The top speed is limited to 200 km/h (124.27 mph), as the amount of energy required by the electric motors increases disproportionately to speed. The range in the NECD combined cycle is approximately 248 kilometers (154 miles). This good value is made possible by the integrated concept: technology specially configured for the electric drive system combined with state-of-the-art battery technology. The battery block has a total energy content of roughly 53 kilowatt hours, with the usable portion thereof restricted to 42.4 kWh in the interest of service life. Audi uses liquid cooling for the batteries.
The energy storage unit is charged with household current (230 volts, 16 amperes) via a cable and a plug. The socket is behind a cover at the back of the car. With the battery fully discharged, the charging time is between 6 and 8 hours. A high voltage (400 volts, 63 amperes) reduces this to just around 2.5 hours. The Audi engineers are working on a wireless solution to make charging more convenient. The inductive charging station, which can be placed in the garage at home or also in special parking garages, is activated automatically when the vehicle is docked. Such technology is already used today in a similar form to charge electric toothbrushes.
The battery is charged not only when the car is stationary, but also when it is in motion. The keyword here is recuperation. This form of energy recovery and return to the battery is already available today in a number of Audi production models. During braking, the alternator converts the kinetic energy into electrical energy, which it then feeds into the onboard electrical system.
The Audi e-tron, which is slowed by four lightweight ceramic brake discs, takes the next large step into the future. An electronic brake system makes it possible to tap into the recuperation potential of the electric motors.
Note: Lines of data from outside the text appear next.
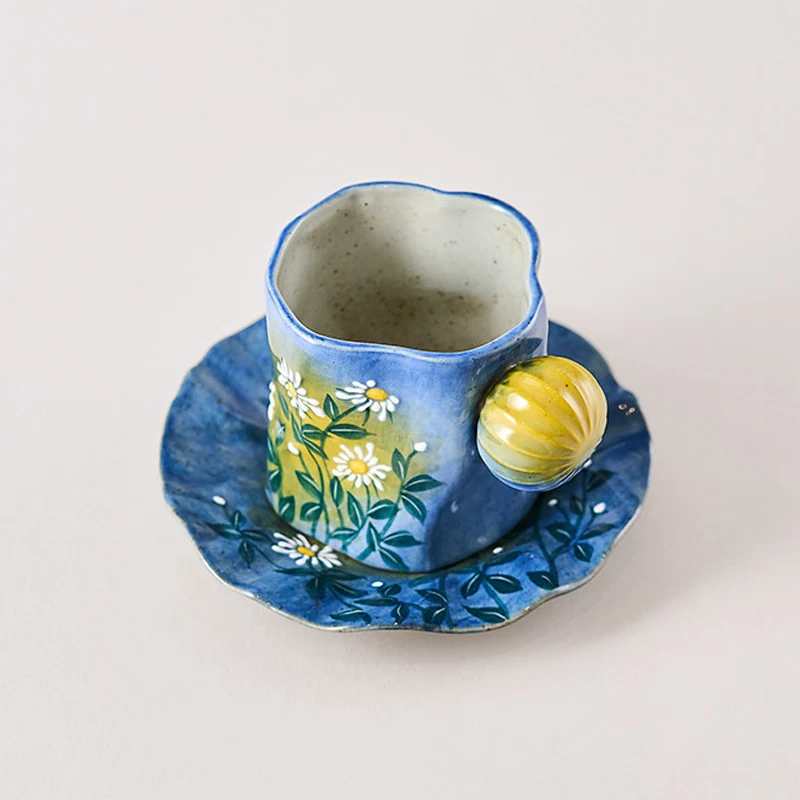 Креативные чашки с цветочным узором, милые кружки для дома и офиса, фарфоровая кружка для воды, минималистичный стиль, набор из кофейной чашки и блюдца
Креативные чашки с цветочным узором, милые кружки для дома и офиса, фарфоровая кружка для воды, минималистичный стиль, набор из кофейной чашки и блюдца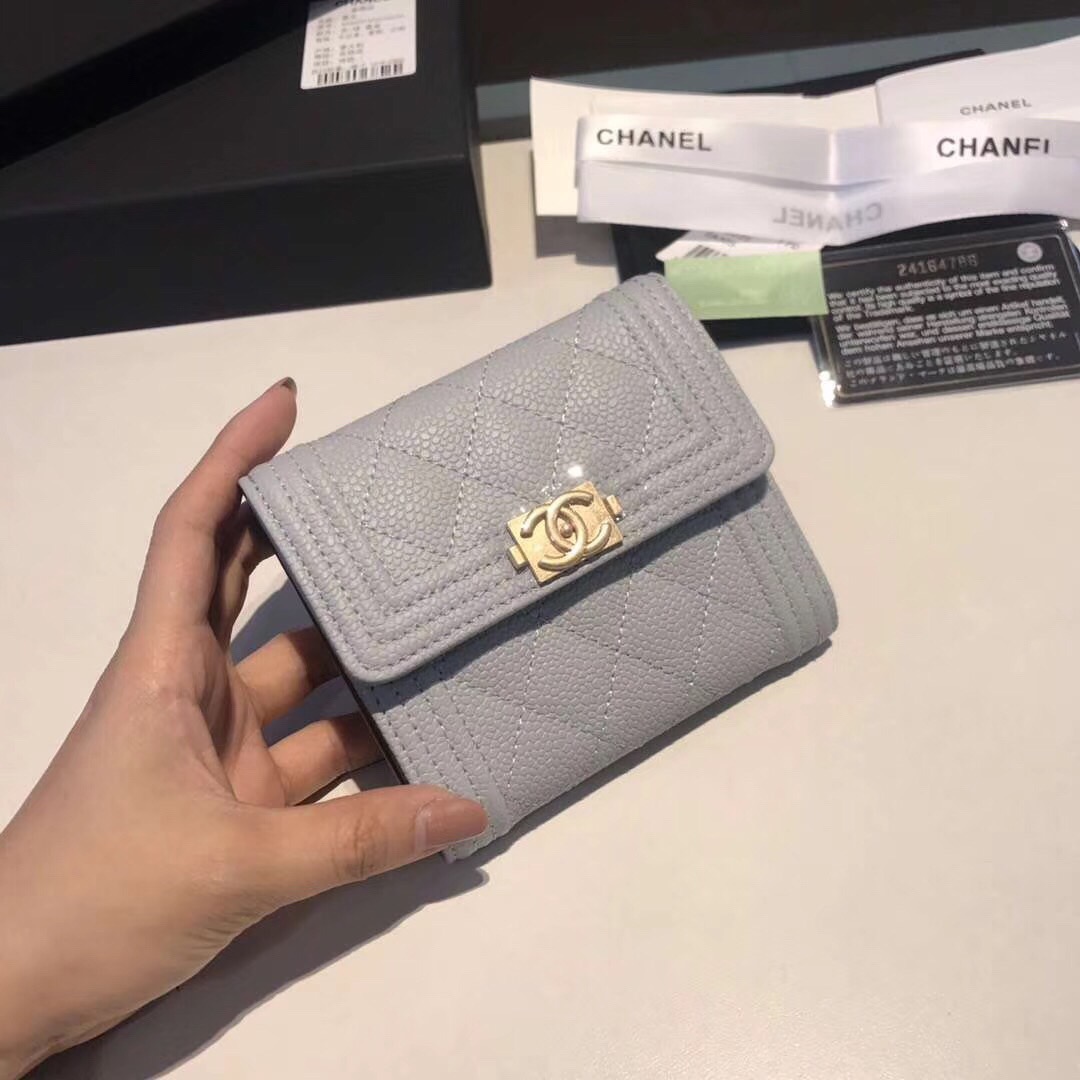 샤넬 LEBOY 지갑 케비어 금장 AS87088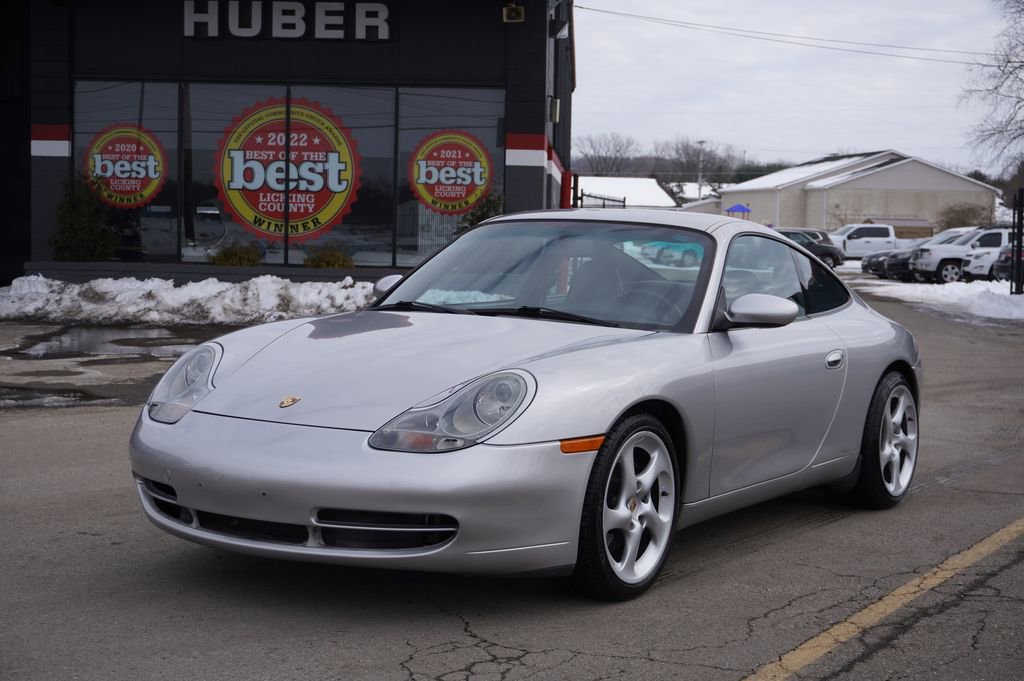 Used 2001 Porsche 911 Carrera RWD image 3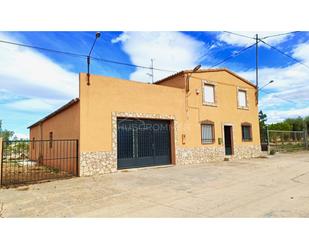 Vista exterior de Casa o xalet en venda en Albocàsser amb Terrassa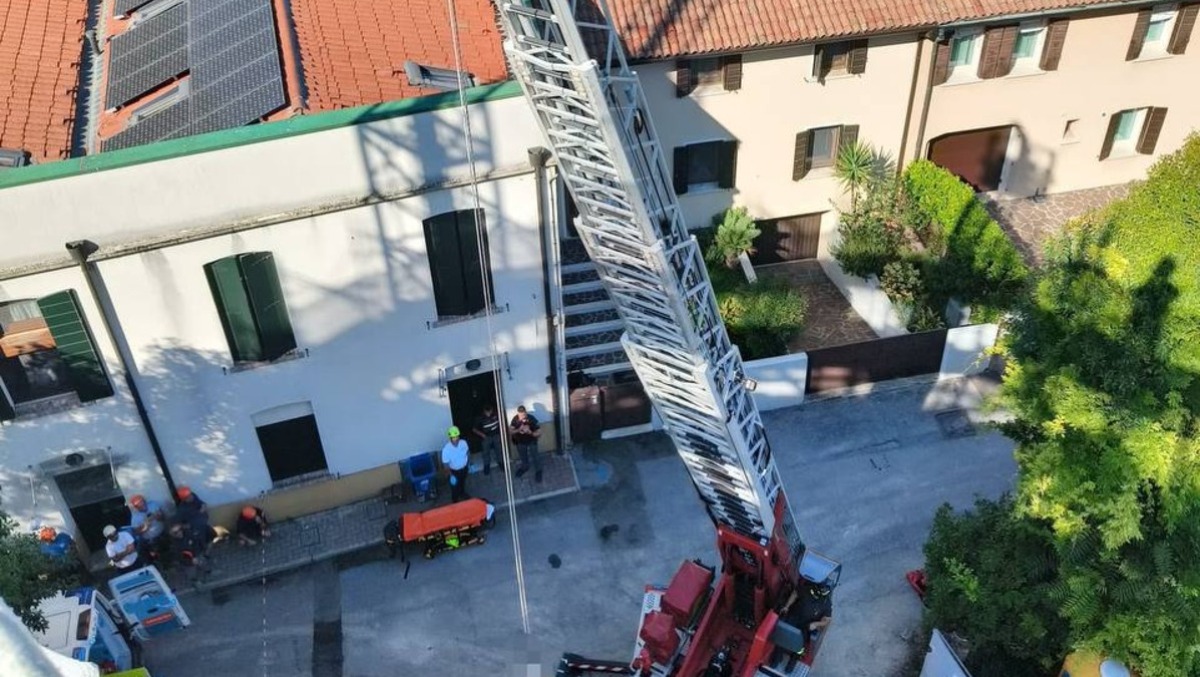 Treviso, incidente in cantiere in via Lorenzo Lotto: operaio soccorso dopo una caduta dal quarto piano - 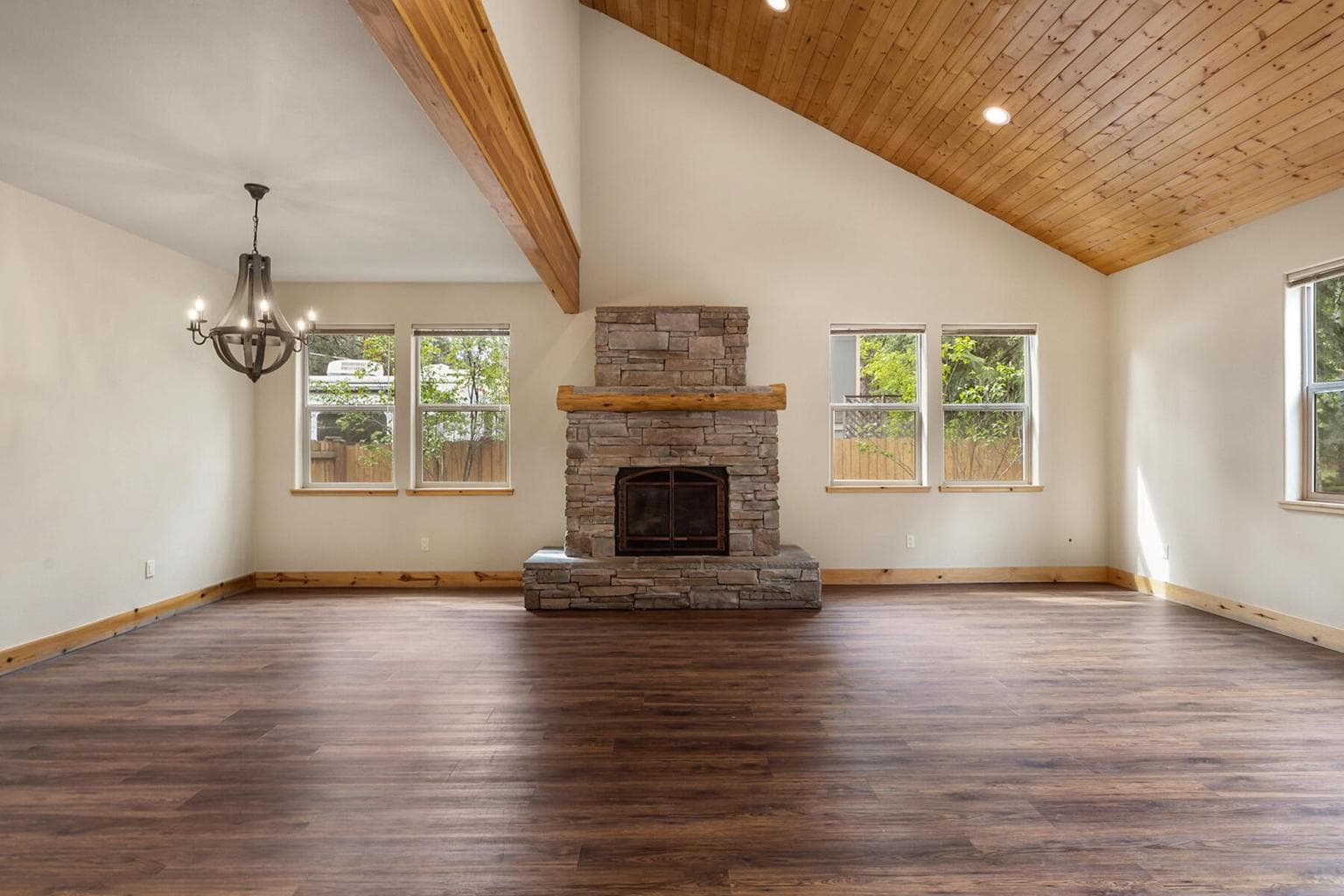 Photo of 60511 Umatilla Circle 13 of 43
A hydraulic fixed-caliper brake is mounted on the front axle, with two novel electrically-actuated floating-caliper brakes mounted on the rear axle. These floating calipers are actuated not by any mechanical or hydraulic transfer elements, but rather by wire (“brake by wire”). In addition, this eliminates frictional losses due to residual slip when the brakes are not being applied.
This decoupling of the brake pedal enables the e-tron’s electric motors to convert all of the braking energy into electricity and recover it. The electromechanical brake system is only activated if greater deceleration is required. These control actions are unnoticeable to the driver, who feels only a predictable and constant pedal feel as with a hydraulic brake system.